Chi conosce la realtà dei territori sa bene quanto le politiche di coesione europee abbiano rappresentato, negli anni, una leva decisiva per la crescita del Mezzogiorno e per la sopravvivenza amministrativa di tanti enti locali. Oggi, con l’annunciata riforma della Commissione europea, tutto questo rischia di saltare e si delinea uno scenario gravissimo per il Sud Italia e per gli enti locali. Infatti, l’ipotesi di un fondo unico che inglobi i principali strumenti di finanziamento rappresenta una scelta che impoverisce le comunità, tagliando fuori le Regioni.
di Roberto Gravina
Dietro alla retorica della razionalizzazione si nasconde un’operazione pericolosa: l’azzeramento della politica di coesione. I fondi destinati alle Regioni, con i quali gli enti locali hanno potuto attivare interventi concreti su infrastrutture, ambiente, inclusione sociale e sviluppo territoriale, rischiano di essere ridotti. Il tutto per far spazio a un’impostazione che dirotta risorse fondamentali per finanziare il riarmo. Siamo di fronte a una scelta che segna uno spartiacque: si privilegia una logica militare rispetto alla giustizia sociale e territoriale.
Un segnale pericoloso
Non è quindi solo una questione di cifre, ma di visione politica. Cancellare i fondi strutturali come li abbiamo conosciuti (Por, Pac, Fesr, Fse), per concentrare le risorse a livello centrale e spostarne una quota significativa su priorità militari, è un segnale pericoloso. È il ritorno a un’Europa distante, che preferisce i palazzi ai territori, la geopolitica alle periferie sociali. Il Sud non è una zavorra: è una promessa da mantenere, con i fatti e non solo con gli slogan.
Il Movimento 5 Stelle, grazie al lavoro incisivo dei suoi europarlamentari, sta opponendo una resistenza netta a questo disegno: Palmisano, Tridico, Pedullà e gli altri nostri rappresentanti a Bruxelles stanno portando avanti una battaglia coraggiosa. Non si tratta solo di dire no a un provvedimento, ma di difendere un’idea di Europa fondata sull’equità, sulla solidarietà e sulla prossimità amministrativa. È grazie a queste voci che la verità sta emergendo: dietro la riforma proposta non c’è efficienza, ma un ridisegno punitivo della geografia degli investimenti.
Il rischio è duplice
Da un lato, si riducono le risorse disponibili per aree già svantaggiate; dall’altro, si svuota progressivamente il ruolo degli enti locali, costretti ad assistere da spettatori a decisioni prese altrove.
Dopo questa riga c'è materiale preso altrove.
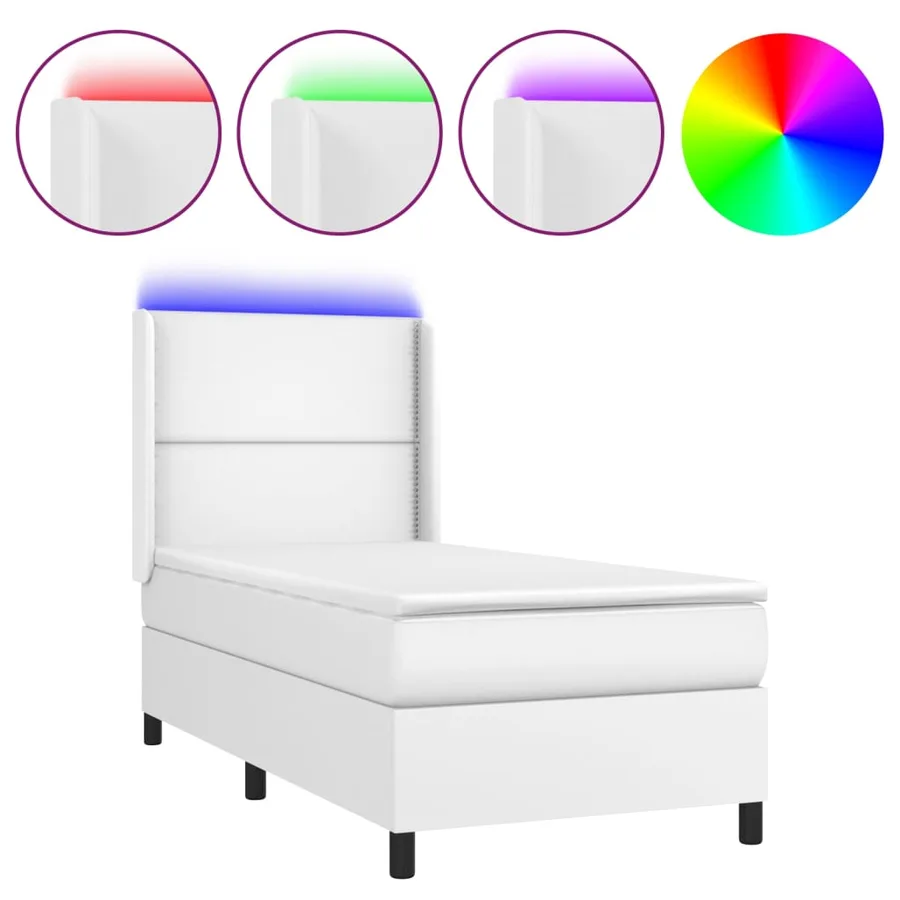 Sommier à lattes de lit matelas LED Blanc 100x200 cm Similicuir - 2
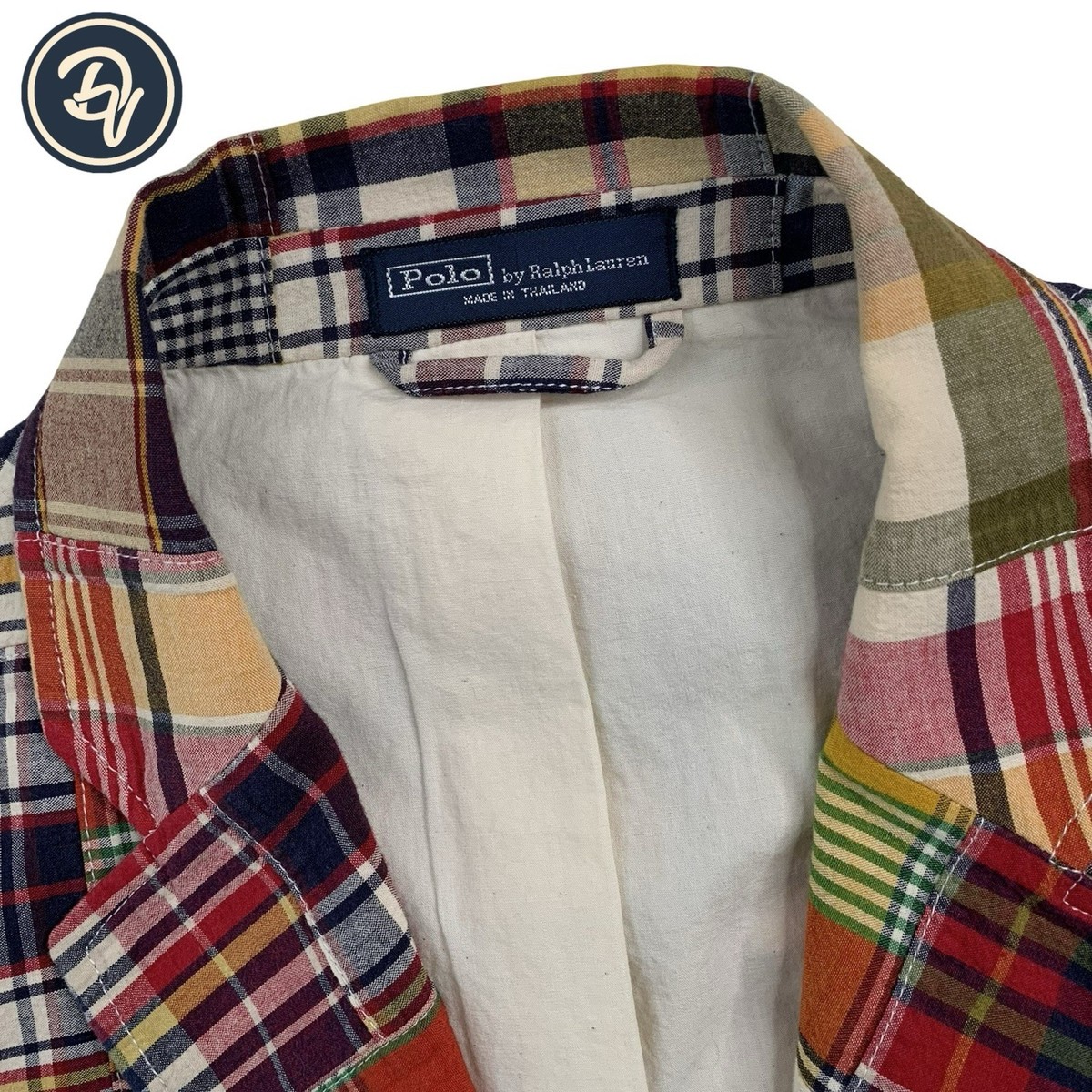 ジャケット・アウター 70s Ralph Lauren Madras check tailored VTG L / 44 R Polo by Ralph Lauren 100 % Madras Cotton Patch Work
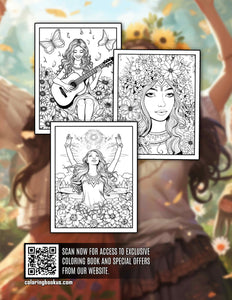 Hippie Girls 30 Pages Printable Coloring Book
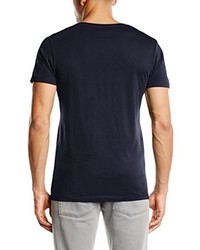 dunkelblaues T-Shirt mit einem Rundhalsausschnitt von Selected Homme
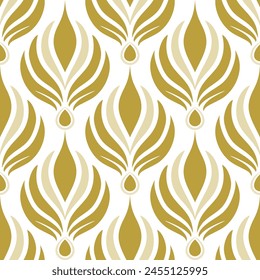 Beige and white luxury vector seamless pattern. Ornament, Traditional, Ethnic, Arabic, Turkish, Indian motifs. Great for fabric and textile, wallpaper, packaging design or any desired idea.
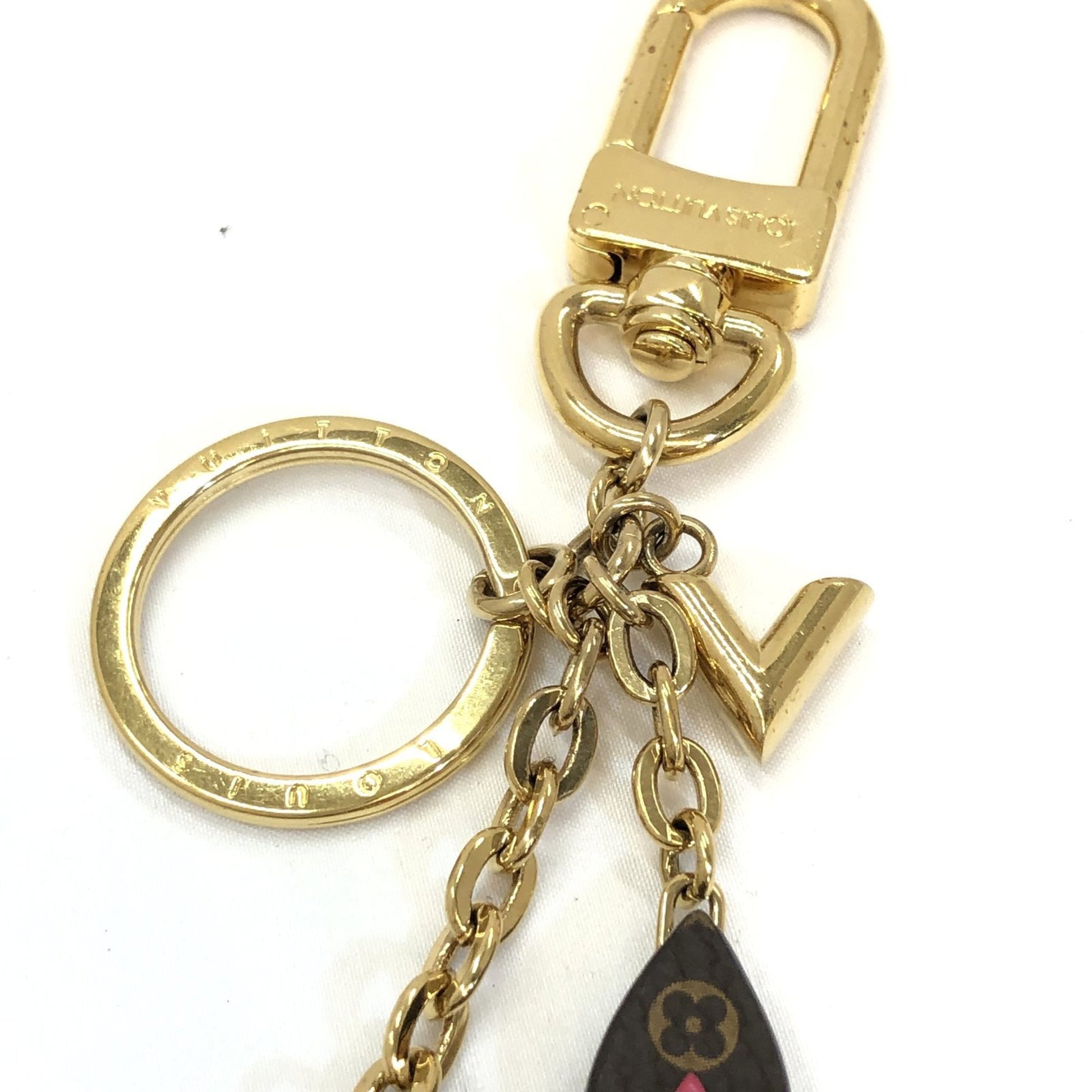 LOUIS VUITTON Louis Vuitton Accessories M63084 Porto Cle Blooming Flower  Monogram Brown Wine Red Gold Metal Fittings V Logo Key Ring Iconic Italy  Bag Charm Holder Leather Women's ITUF8KRXVD30 RLV2271M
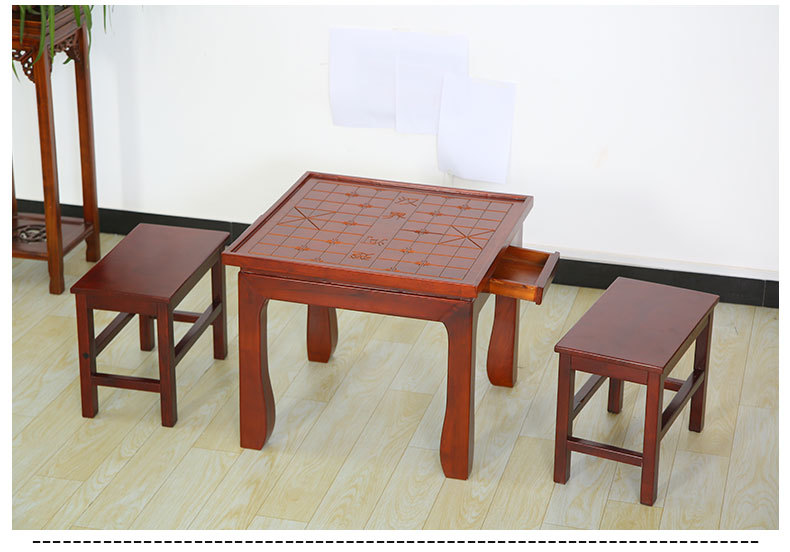 定制象棋桌 家用老年人休闲围棋桌子 老榆木象棋围棋桌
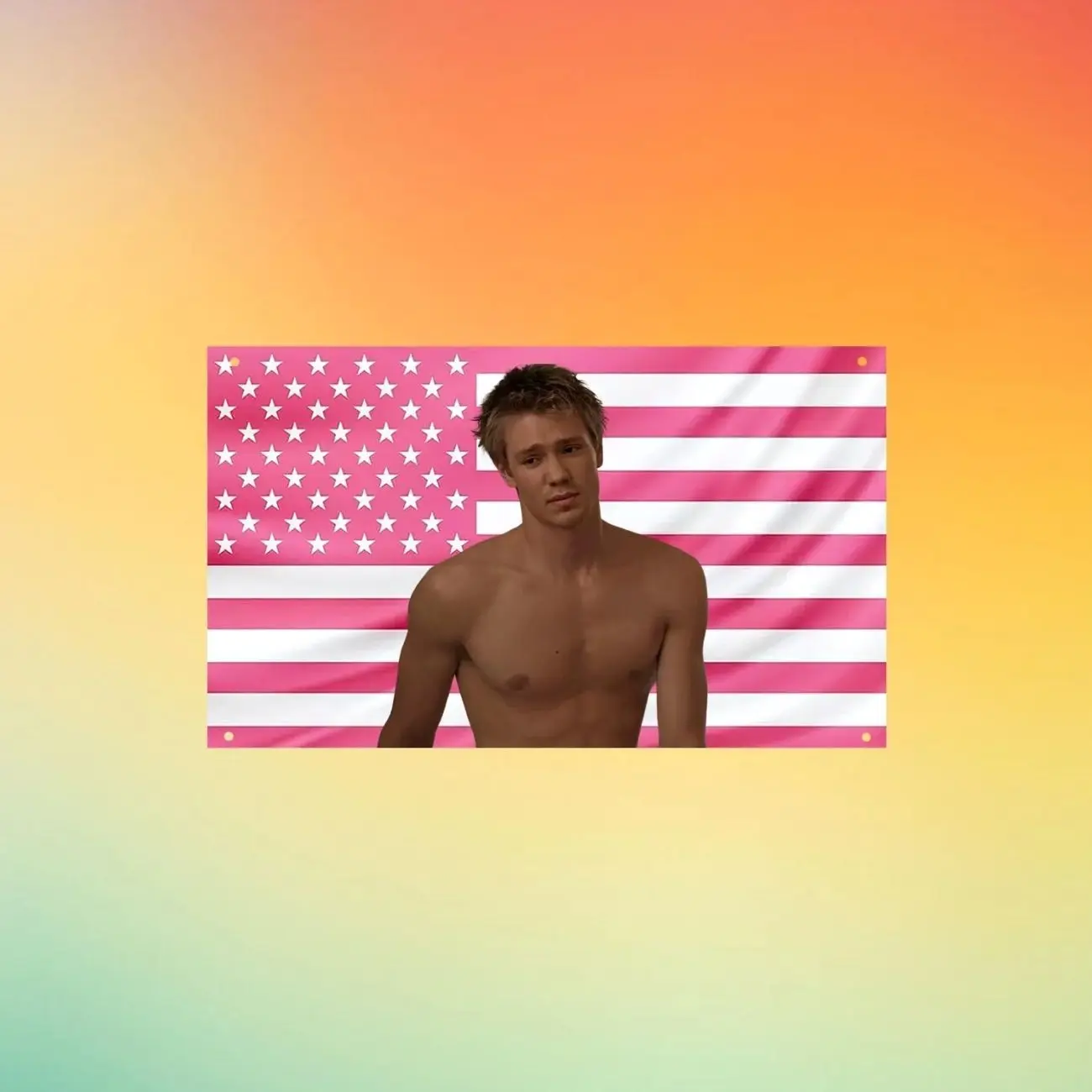 Lucas Scott One Tree Hill Pink USA Flag – Chad Michael Murray Wall Tapestry & Room Banner – TV Show Fan Decor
Gli enti locali verranno privati non solo di risorse, ma anche di strumenti di programmazione e di intervento diretto. Questo significa indebolire ulteriormente la capacità di risposta delle amministrazioni alle esigenze dei cittadini, soprattutto in quelle realtà dove la marginalità geografica si intreccia con la debolezza economica. Ciò avviene, paradossalmente, nel momento in cui l’Europa, invece, dovrebbe rafforzare la prossimità e il legame tra istituzioni e comunità.
Se l’Unione Europea vuole sopravvivere come progetto politico condiviso, deve ascoltare i territori, non sacrificarli. L’Europa o torna a essere uno spazio di solidarietà e coesione, o smette di essere riconoscibile agli occhi dei cittadini.